WHAT YOU SHOULD DO | Could you return the data that follows exactly, minus the images?
[[ MATERIAL FOR THIS TASK open ]]
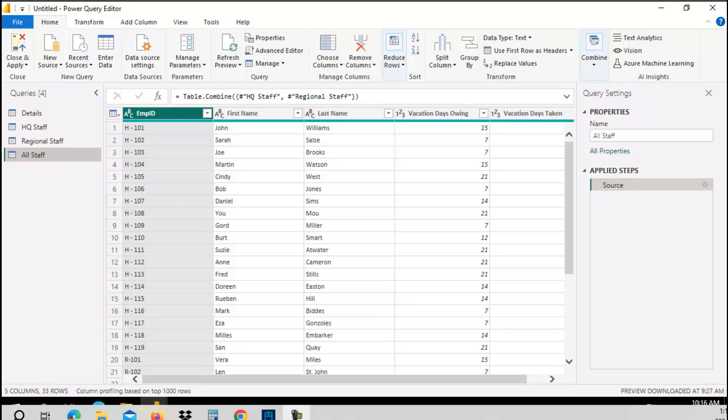This small byte is about merging data tables or queries together.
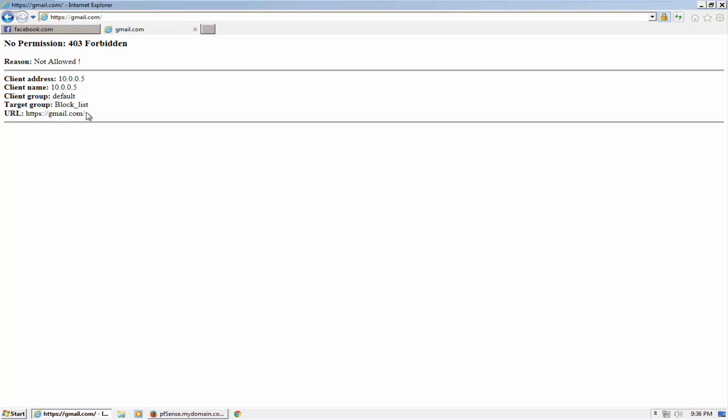It's going through proxy. So this is how to configure the proxy settings on more than 500 clients or more than 100 clients in your company. Thanks for watching this video. I will come with more videos. Thank you.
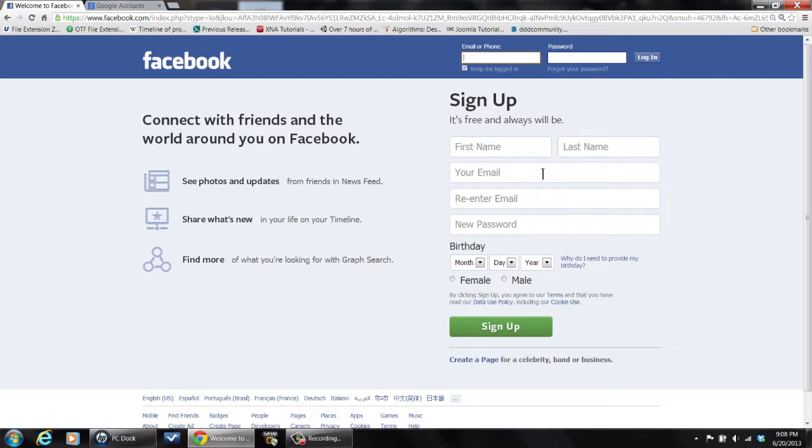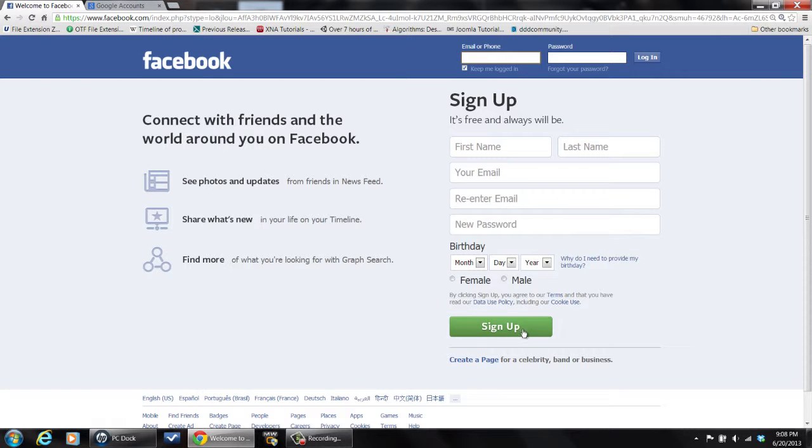Put your name in, your email, re-enter the email because it's going to check to make sure you get it right because that's how it's going to start communicating with you. Enter a password, do your birthday, male or female, hit sign up.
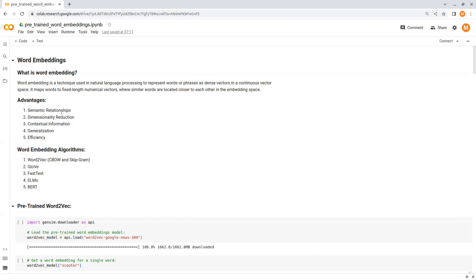The second advantage is dimensionality reduction. Word embedding typically have a lower dimensionality compared to one-hot encoding. For example, while one-hot encoding represents each word as a high-dimensional sparse vector, word embeddings represent words in a lower-dimensional continuous space capturing essential information in a more compact form.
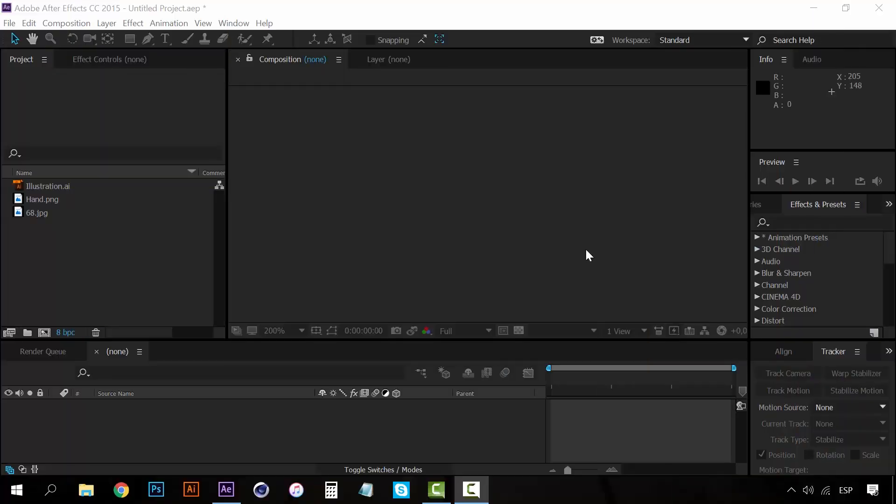Hi, welcome to a new tutorial. Today we're going to create a write-on effect to create whiteboard animations in After Effects. Whiteboard animations are a great tool to showcase our projects or any other subject, so this is a pretty cool technique to learn.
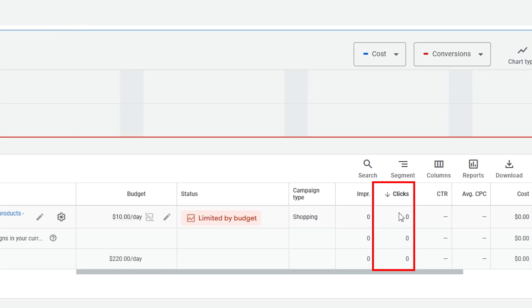Hey guys, Sam here from KeyCommerce.com. In this video, you're going to learn what to do if your Google Shopping campaign isn't getting any impressions or clicks. You've spent all this time getting your Google Shopping campaign set up and you're seeing zero clicks, zero impressions. Don't worry, I'm going to show you exactly what to do when this happens so you get your shopping campaigns working again, generating sales and generating profits for your e-commerce store.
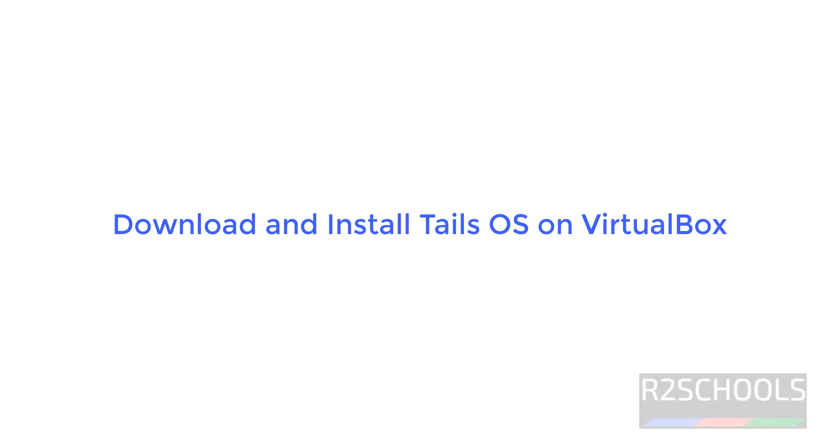Hello guys, in this video we will see how to download and install Tails OS on VirtualBox.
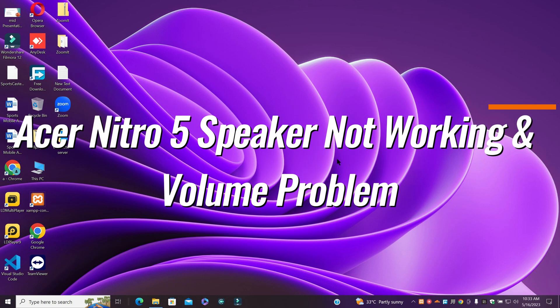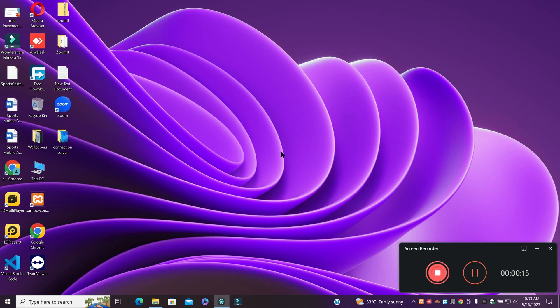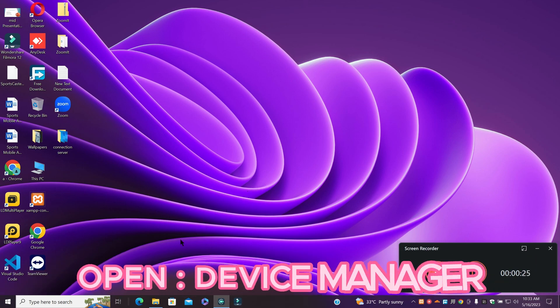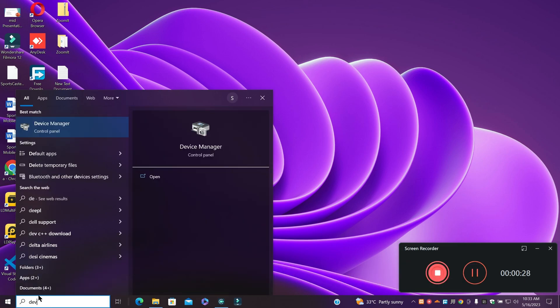Hello everyone, hope you are good. Welcome to another video. In today's video, I'm going to show you how to fix the speaker not working or the volume problem in the Acer Nitro 5. If you are facing the speaker or audio problem on this device, I will show you how to fix it. Before I jump to the video, if you are new here, don't forget to subscribe. Now let's watch it and learn it.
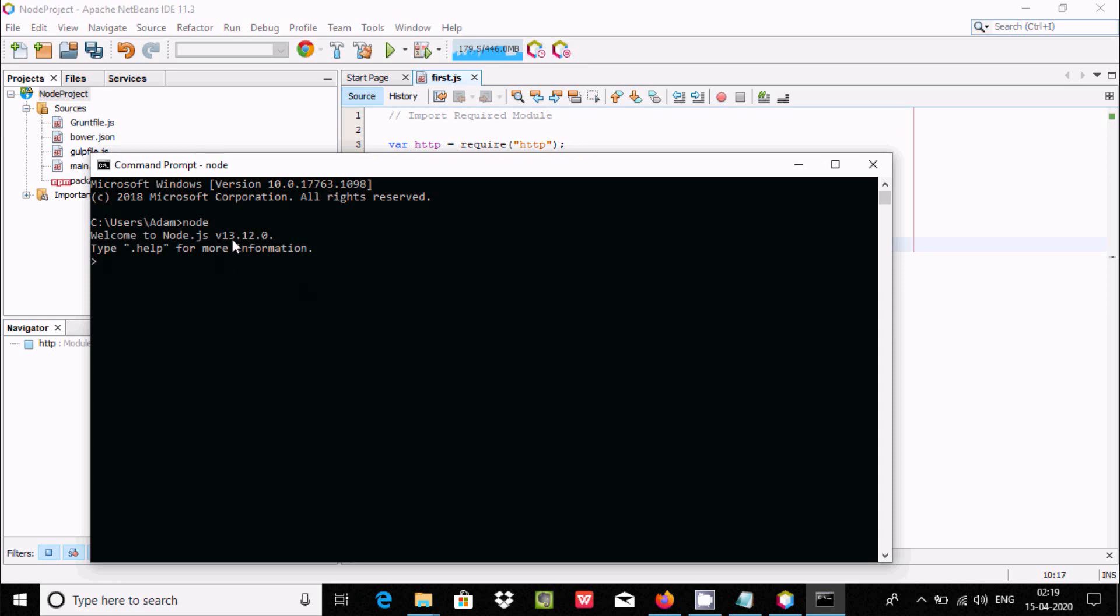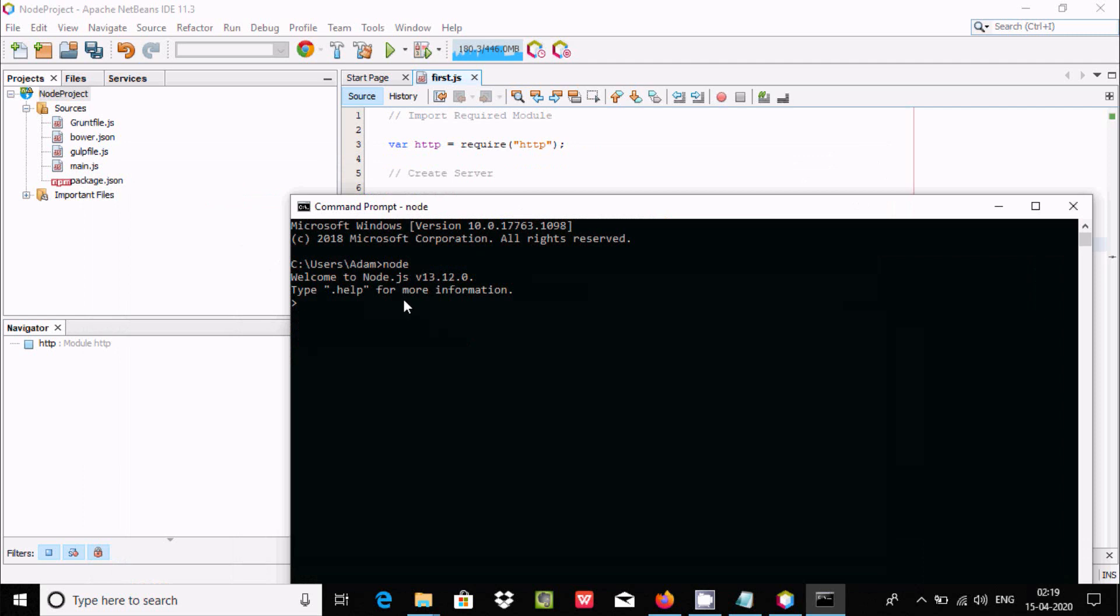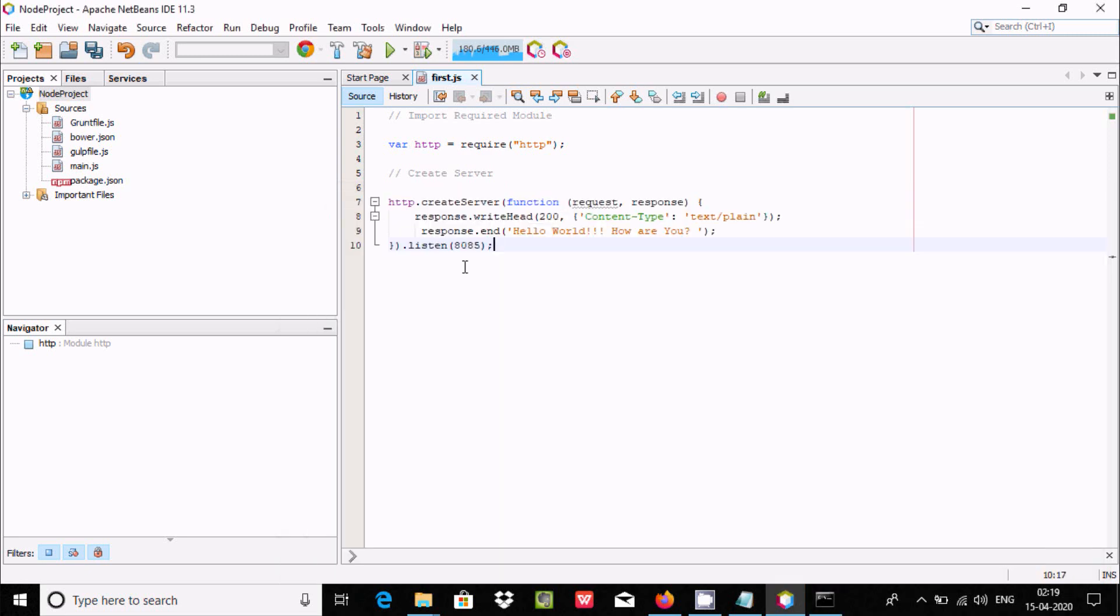In my laptop I already installed Node.js version 13. If you write 'node' here, it gives the version details of Node.js. Now the program has been written. Here response.end will display 'Hello World' in the browser. We're using port 8812 for this process.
[[ MATERIAL FOR THIS TASK closed ]]
SOLUTION FOR THIS TASK |
This small byte is about merging data tables or queries together.
It's going through proxy. So this is how to configure the proxy settings on more than 500 clients or more than 100 clients in your company. Thanks for watching this video. I will come with more videos. Thank you.
Put your name in, your email, re-enter the email because it's going to check to make sure you get it right because that's how it's going to start communicating with you. Enter a password, do your birthday, male or female, hit sign up.
The second advantage is dimensionality reduction. Word embedding typically have a lower dimensionality compared to one-hot encoding. For example, while one-hot encoding represents each word as a high-dimensional sparse vector, word embeddings represent words in a lower-dimensional continuous space capturing essential information in a more compact form.
Hi, welcome to a new tutorial. Today we're going to create a write-on effect to create whiteboard animations in After Effects. Whiteboard animations are a great tool to showcase our projects or any other subject, so this is a pretty cool technique to learn.
Hey guys, Sam here from KeyCommerce.com. In this video, you're going to learn what to do if your Google Shopping campaign isn't getting any impressions or clicks. You've spent all this time getting your Google Shopping campaign set up and you're seeing zero clicks, zero impressions. Don't worry, I'm going to show you exactly what to do when this happens so you get your shopping campaigns working again, generating sales and generating profits for your e-commerce store.
Hello guys, in this video we will see how to download and install Tails OS on VirtualBox.
Hello everyone, hope you are good. Welcome to another video. In today's video, I'm going to show you how to fix the speaker not working or the volume problem in the Acer Nitro 5. If you are facing the speaker or audio problem on this device, I will show you how to fix it. Before I jump to the video, if you are new here, don't forget to subscribe. Now let's watch it and learn it.
In my laptop I already installed Node.js version 13. If you write 'node' here, it gives the version details of Node.js. Now the program has been written. Here response.end will display 'Hello World' in the browser. We're using port 8812 for this process.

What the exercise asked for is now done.